How do I remove duplicate entries?
In this case, Twitter uses snowflake's as a unique ID field in the JSON
for the tweet, which is reflected below. Build an index of tweets, by ID, and delete each additional $tweet
which has a duplicate? But how to not end up deleting every single tweet recursively...?
A simple FLWOR
to print the ID for each tweet in the database:
for $tweets in db:open("twitter")
return <tweet>{$tweets/json/id__str}</tweet>
results:
thufir@dur:~/flwor/twitter$
thufir@dur:~/flwor/twitter$ basex tweetID.xq
<tweet>
<id__str>1224165280068382720</id__str>
</tweet>
<tweet>
<id__str>1224160851797643264</id__str>
</tweet>
<tweet>
<id__str>1224134565280862208</id__str>
</tweet>
...
<tweet>
<id__str>1224016596634603520</id__str>
</tweet>
<tweet>
<id__str>1224001430417297410</id__str>
</tweet>
<tweet>
<id__str>1223987662094249991</id__str>
</tweet>thufir@dur:~/flwor/twitter$
thufir@dur:~/flwor/twitter$
The duplicates here are intentional, but looking for some way to "clean up" the database.
Just looking for a general outline or approach.
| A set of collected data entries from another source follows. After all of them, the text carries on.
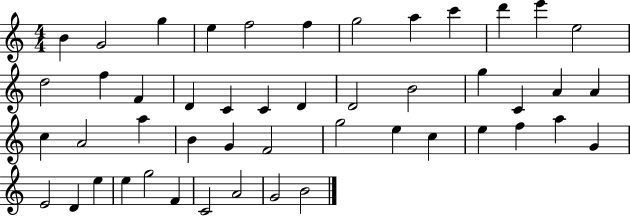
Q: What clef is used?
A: treble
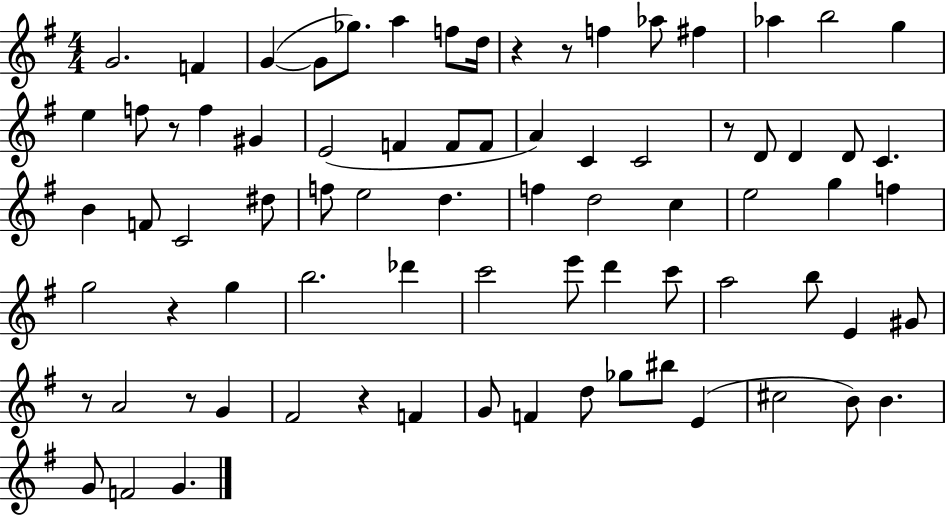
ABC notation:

X:1
T:Untitled
M:4/4
L:1/4
K:G
G2 F G G/2 _g/2 a f/2 d/4 z z/2 f _a/2 ^f _a b2 g e f/2 z/2 f ^G E2 F F/2 F/2 A C C2 z/2 D/2 D D/2 C B F/2 C2 ^d/2 f/2 e2 d f d2 c e2 g f g2 z g b2 _d' c'2 e'/2 d' c'/2 a2 b/2 E ^G/2 z/2 A2 z/2 G ^F2 z F G/2 F d/2 _g/2 ^b/2 E ^c2 B/2 B G/2 F2 G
My thinking is to pipe output from one xquery
into another, but am stuck at how to build an index. Presumably this is a functionality built into the database itself, just need to leverage the correct module (probably).
--
this looks to return a different result, at least:
distinct-values(
for $tweets in db:open("twitter")
return ($tweets/json/id__str))
although I'm not quite sure it's the set of all id__str
values.